◆ **Task instructions**: Below, locate the line that contains "Carte Postale Jolie Giraffe Bébé Curieuse". Repeat exactly from that line to the line that contains "Physalaemus gracilis", inclusive, leaving out the pictures.

:: Data for this task

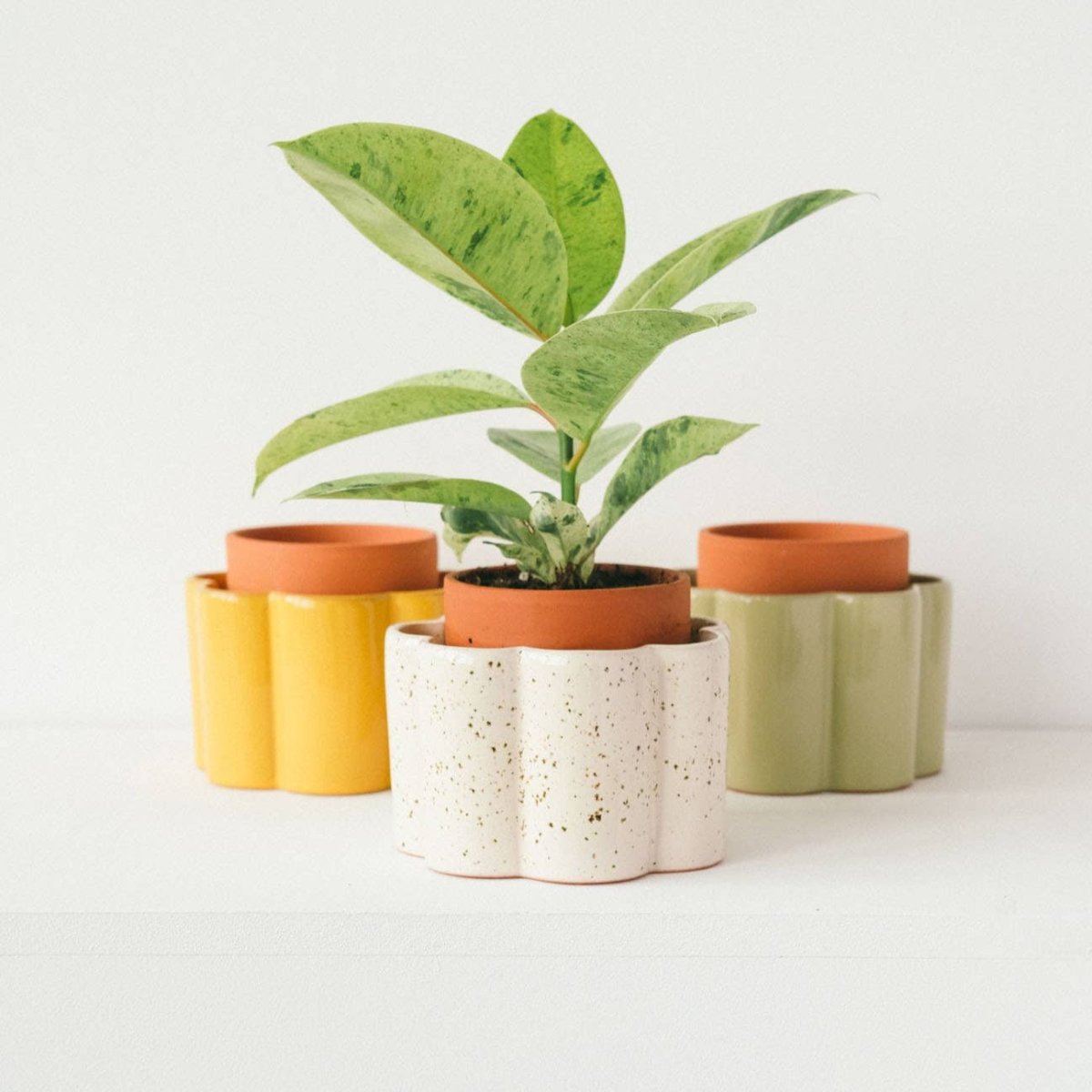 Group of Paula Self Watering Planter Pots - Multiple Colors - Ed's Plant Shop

::::
:: Data for this task

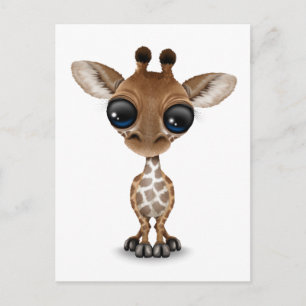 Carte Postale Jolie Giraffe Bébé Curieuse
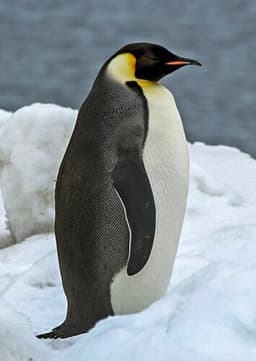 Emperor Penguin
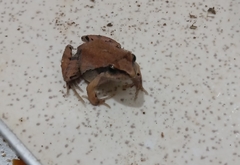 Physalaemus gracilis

::::
:: Data for this task

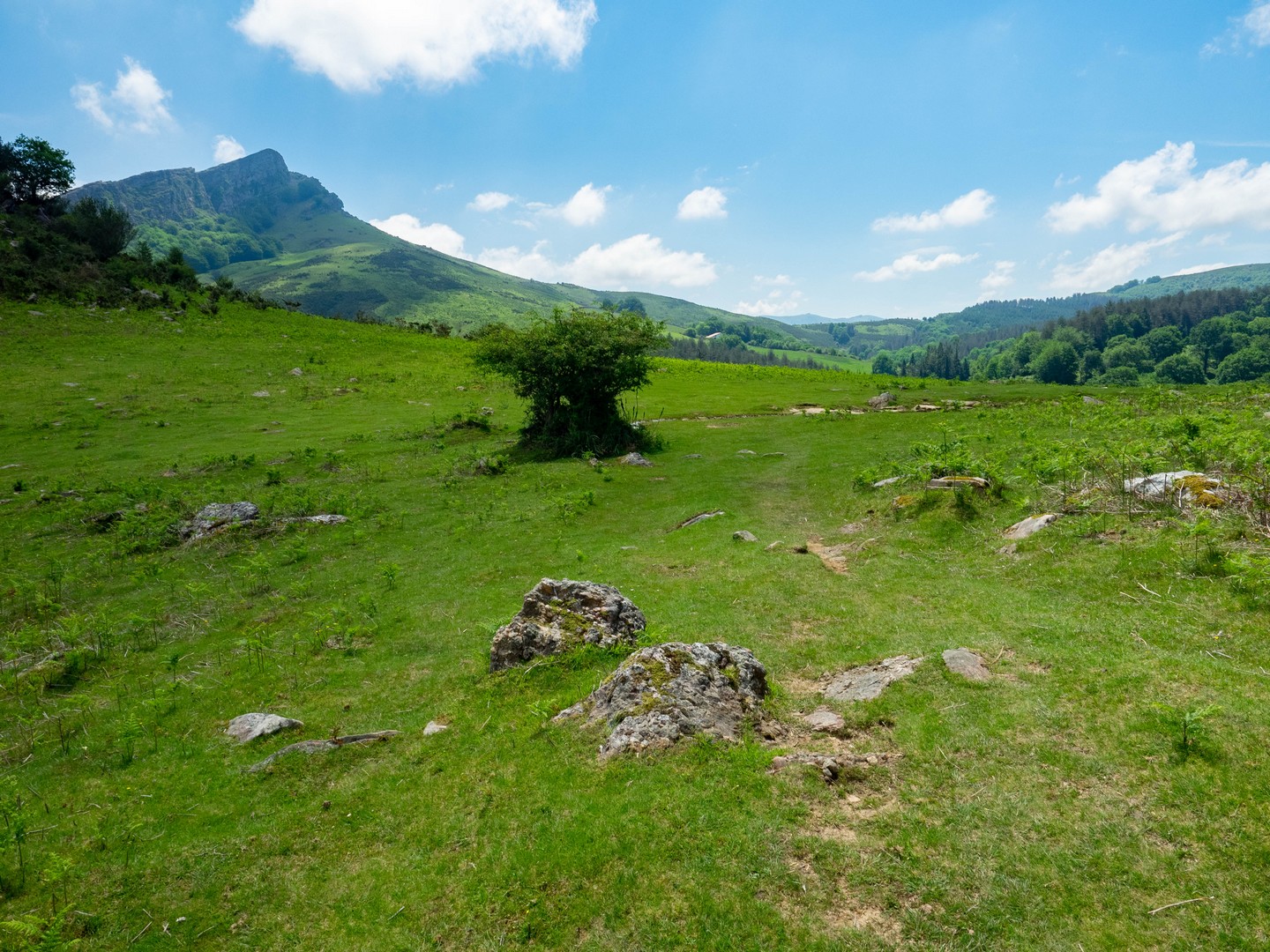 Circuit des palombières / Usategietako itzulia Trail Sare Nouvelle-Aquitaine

::::

◆ **Answer to this problem**:
 Carte Postale Jolie Giraffe Bébé Curieuse
 Emperor Penguin
 Physalaemus gracilis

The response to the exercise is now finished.